Carolyn Dean, MD, ND is a stress management expert and author of The Magnesium Miracle. She is a health pioneer with over 25 years of experience with stress management, aging, diet and nutrition issues. She’s authored 30 books including Future Health Now Encyclopedia, The Complete Natural Medicine Guide to Women’s Health, Menopause Naturally, Hormone Balance, 365 Ways to Boost Your Brain Power: Tips, Exercise, Advice, The Yeast Connection, IBS for Dummies and The Magnesium Miracle. Radio, TV, and magazines interview her regularly including ABC’s The View, NBC and CBS, to name a selected few. She is on the Medical Advisory Board for the Nutritional Magnesium Association and can be visited online at www.nutritionalmagnesium.org.
Listen! Listen! Listen!
All people are different. The support they will need will be different. The most important way to help a partner with social anxiety is to open the lines of communication. Ask them how you can help. Listen. Listen carefully. Too many of us hear only what we think would help us in a similar situation.

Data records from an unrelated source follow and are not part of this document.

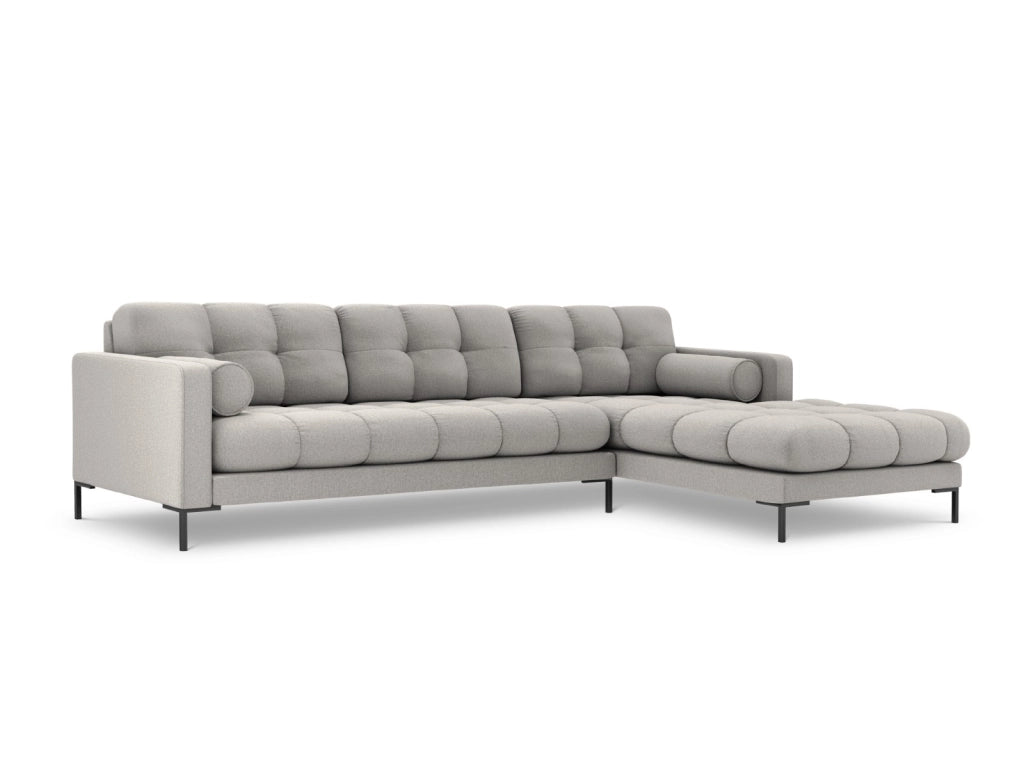 Cosmopolitan Design - Divano angolare destro "Bali" 5 posti in tessuto strutturato grigio chiaro 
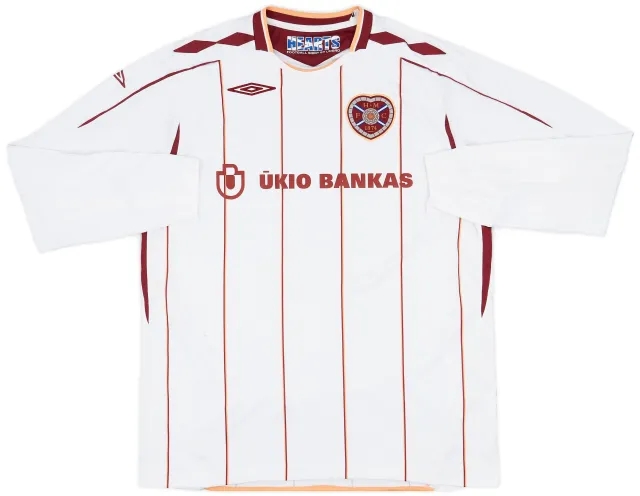 Umbro 2007-08 Hearts Away L/S Shirt - 6/10 - (XL)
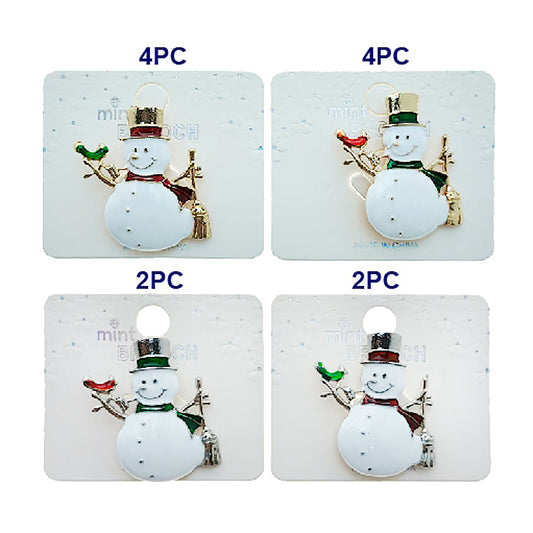 Enamel Christmas Snowman Brooch Pin
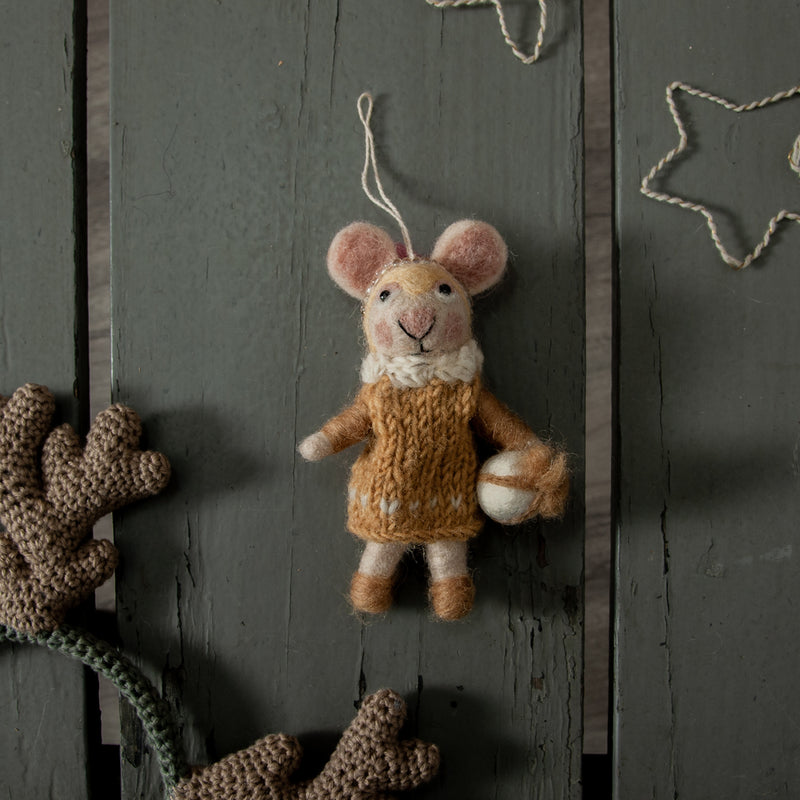 handmade wool yellow mouse christmas tree ornament 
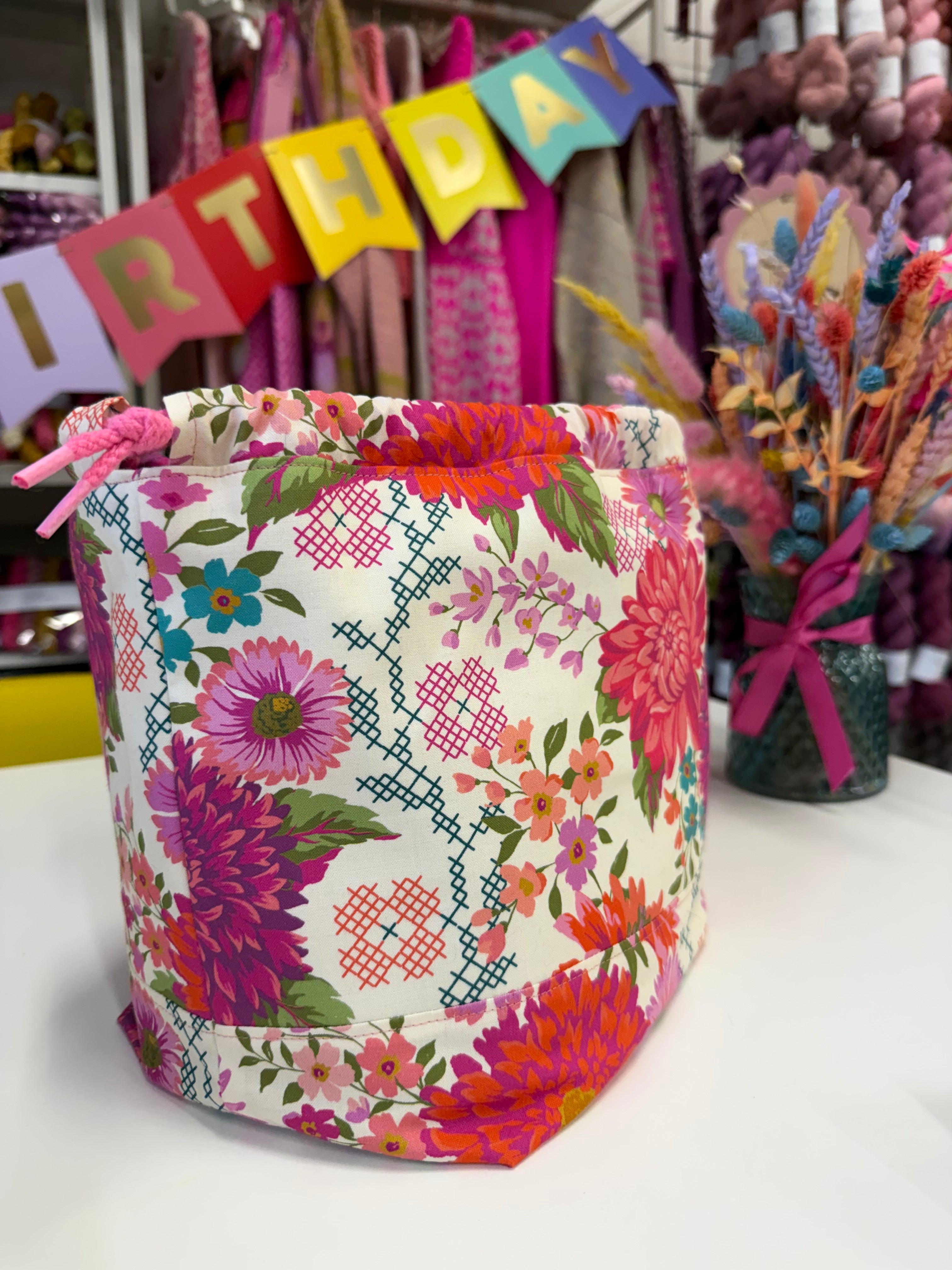 Made to order - Project Bag Style 01 - Cream Cross Stitch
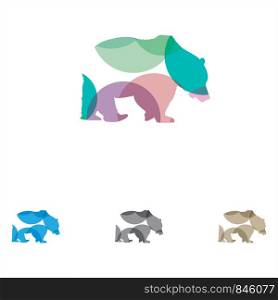 colorful bear illustration, panda logo design.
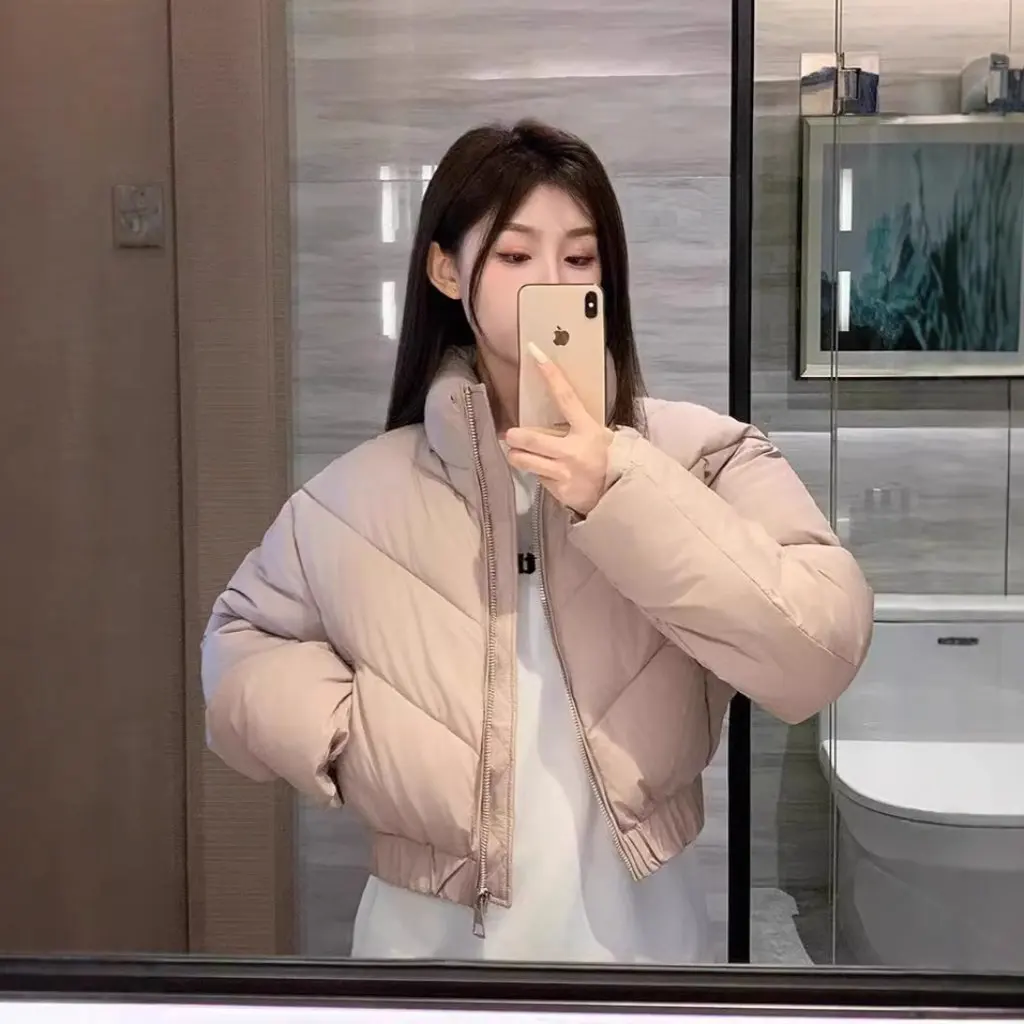 

Winter New Style Women's Cotton-padded Coat Short European And American Vertical Collar Thickened Trendy Top for Ladies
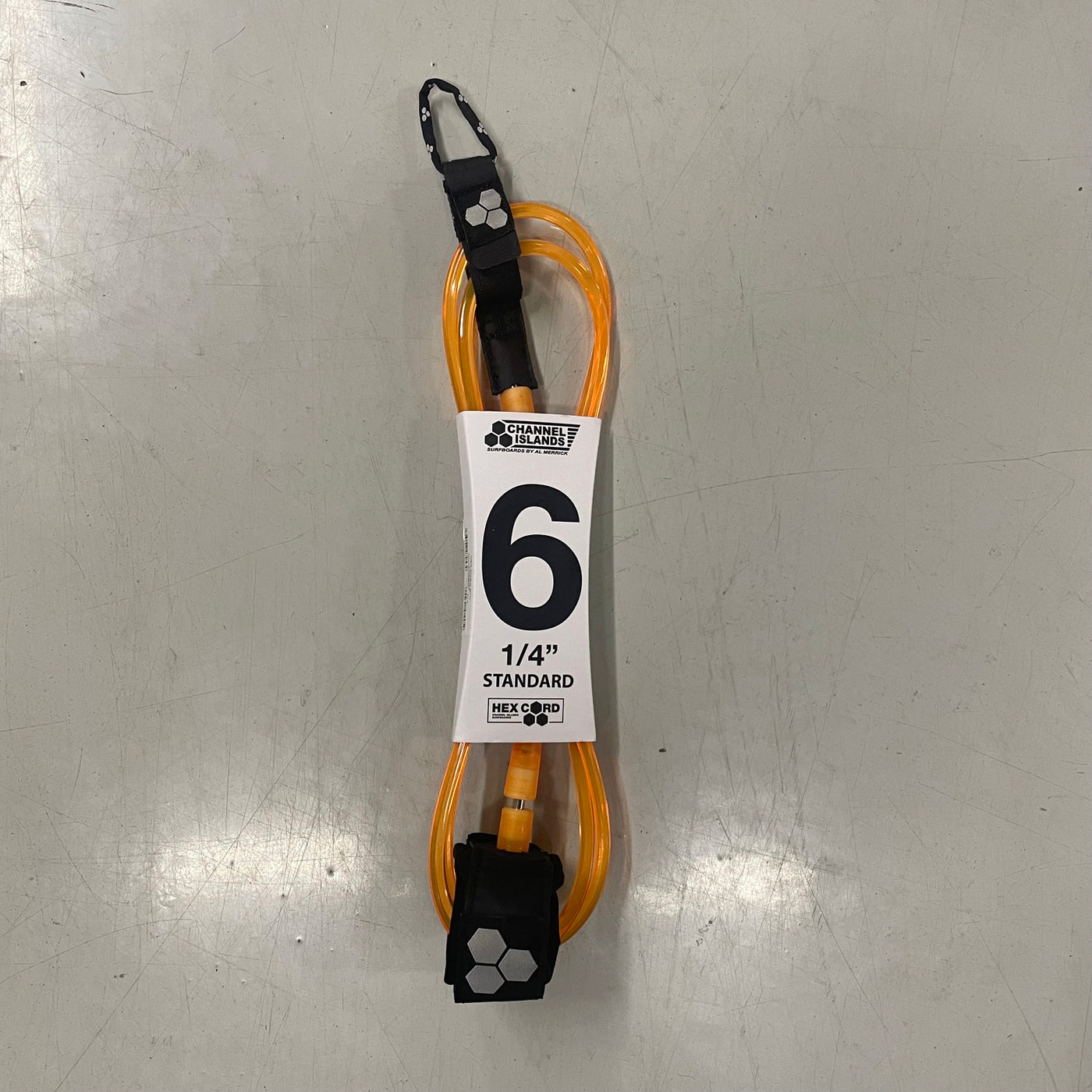 Leash - Channel Islands - 6' 1/4 Hex Cord Leash Orange
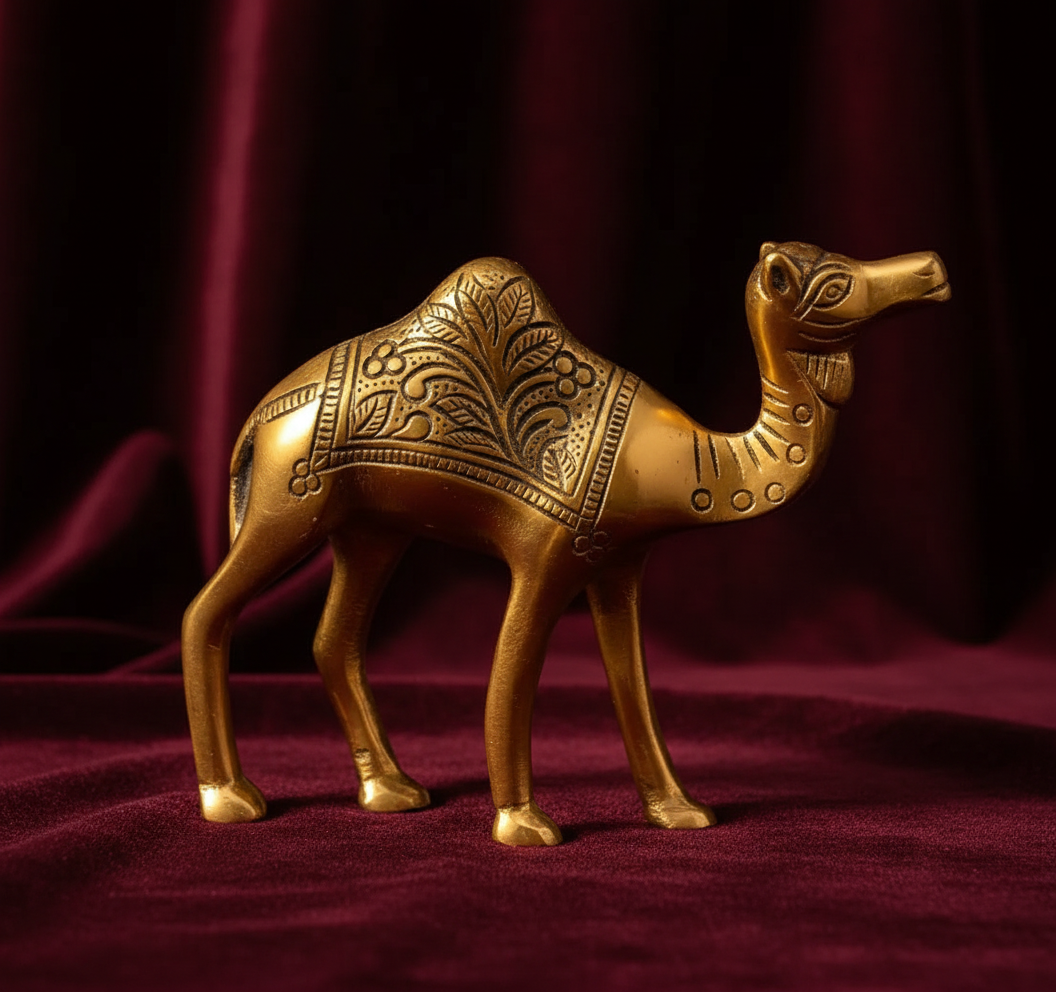 Handcrafted Golden Brass Camel Figurines Set - Traditional Rajasthani Home Decor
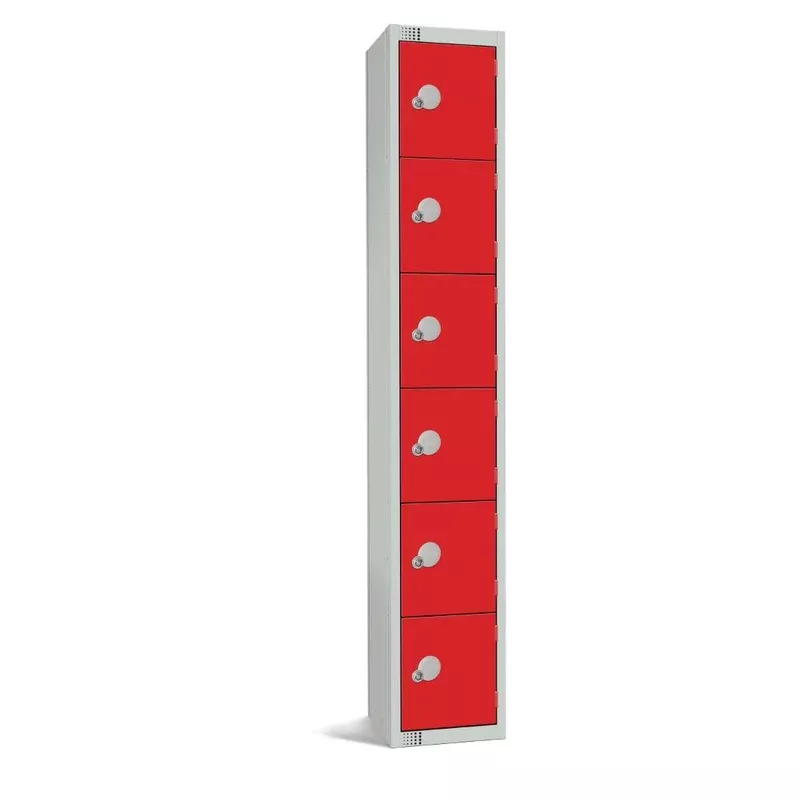 Elite Six Door Camlock Locker Red – W953-C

Accept, Support, and Have Patience
If your partner is suffering from social anxiety, the best thing you can do is to have patience. No amount of coaxing or pushing from you is going to make this issue go away. Your partner may need help from a mental health professional, but from you, all s/he needs is acceptance and support. Let him know that you love him despite his anxiety problem. Make sure she knows that you don’t expect anything from her that she is not capable of at this time. Offer your help if it’s wanted, but if it’s not, your love and support are the best gifts you can give.
Raffi Bilek, LCSW-C, is a marriage and family counselor and the Director of the Baltimore Therapy Center. Visit her online at www.baltimoretherapycenter.com.
These are just a few ideas to help a partner reducing the distress of their social anxiety, ranging from planning, listening, and communicating, to looking after diet and nutrition and, most of all, demonstrating empathy and compassion. With therapy where needed, your partner should soon feel more relaxed, empowered, and confident, but don’t be afraid of occasional setbacks as it is part of the journey together.